- Work required: Repeat, word for word, all the data that follows, and exclude the pictures.

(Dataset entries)
————

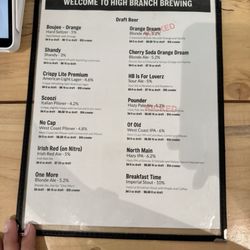 High Branch Brewing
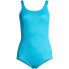 Фото #6 товара Women's DDD-Cup Chlorine Resistant Soft Cup Tugless Sporty One Piece Swimsuit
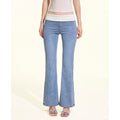 Girly_Fancy_Club_Light_Wash_Ribbed_Patchwork_Women's_Cotton_Stretch_Denim_Bootcut_Jeans_1060232090023_MISSTT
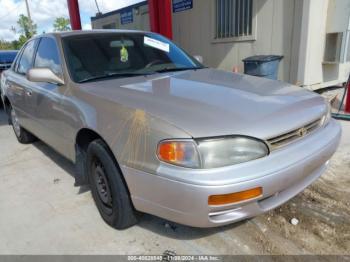  Salvage Toyota Camry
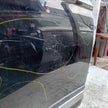 MITSUBISHI OUTLANDER MK3 DRIVER SIDE REAR DOOR OSR 2013 BLACK FMD419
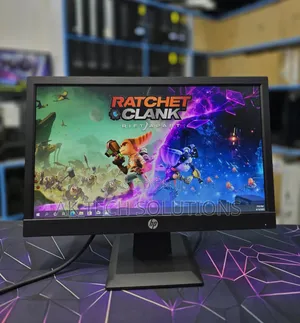 HP P19bg4 Monitor ya Inchi 19 ya VGA
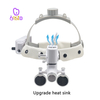 Dental LED Head Light Lamp 5W 2.5X 3.5X Dentisit Surgical Headlight Magnification Binocular Loupes For Lab Equipment 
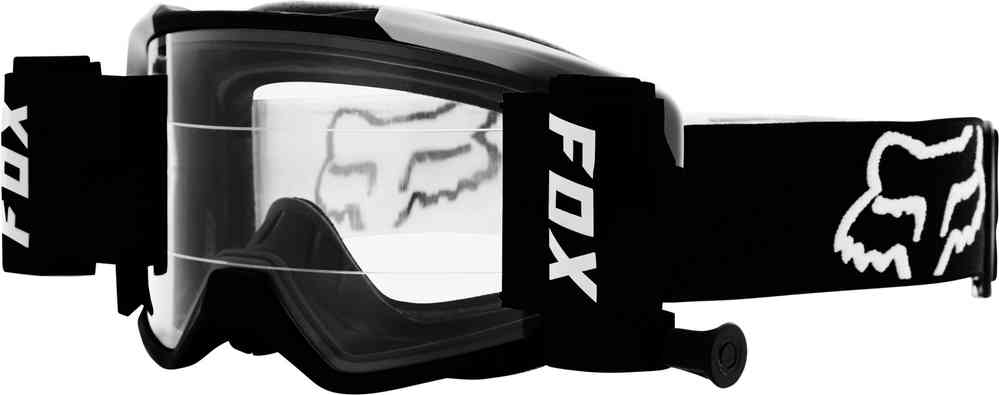 FOX Vue Stray Roll-Off/Tear-Off Motocross Brillen Set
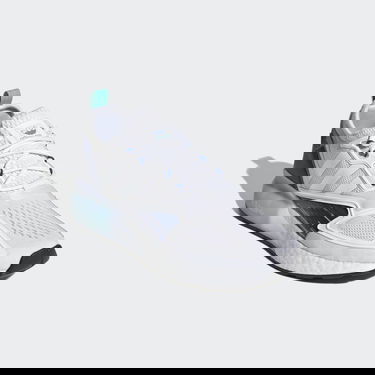 Superge in čevlji adidas Originals ZX 2K Boost Bela | H05148, 5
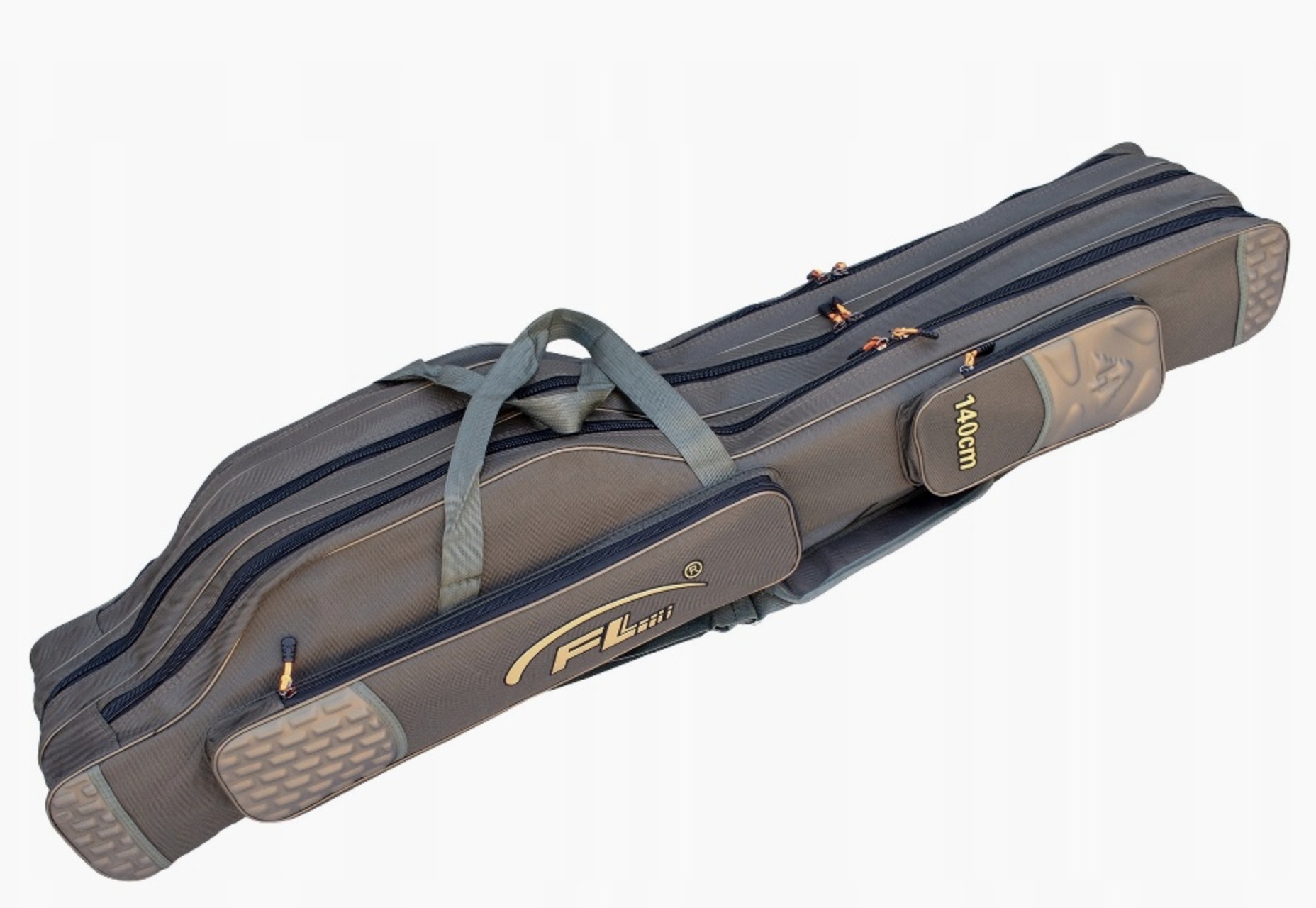 Fl Pokrowiec Na Wędki 140CM 3 Komory FLP-140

————

- Answer area:
 High Branch Brewing
 Фото #6 товара Women's DDD-Cup Chlorine Resistant Soft Cup Tugless Sporty One Piece Swimsuit
 Girly_Fancy_Club_Light_Wash_Ribbed_Patchwork_Women's_Cotton_Stretch_Denim_Bootcut_Jeans_1060232090023_MISSTT
  Salvage Toyota Camry
 MITSUBISHI OUTLANDER MK3 DRIVER SIDE REAR DOOR OSR 2013 BLACK FMD419
 HP P19bg4 Monitor ya Inchi 19 ya VGA
 Dental LED Head Light Lamp 5W 2.5X 3.5X Dentisit Surgical Headlight Magnification Binocular Loupes For Lab Equipment 
 FOX Vue Stray Roll-Off/Tear-Off Motocross Brillen Set
 Superge in čevlji adidas Originals ZX 2K Boost Bela | H05148, 5
 Fl Pokrowiec Na Wędki 140CM 3 Komory FLP-140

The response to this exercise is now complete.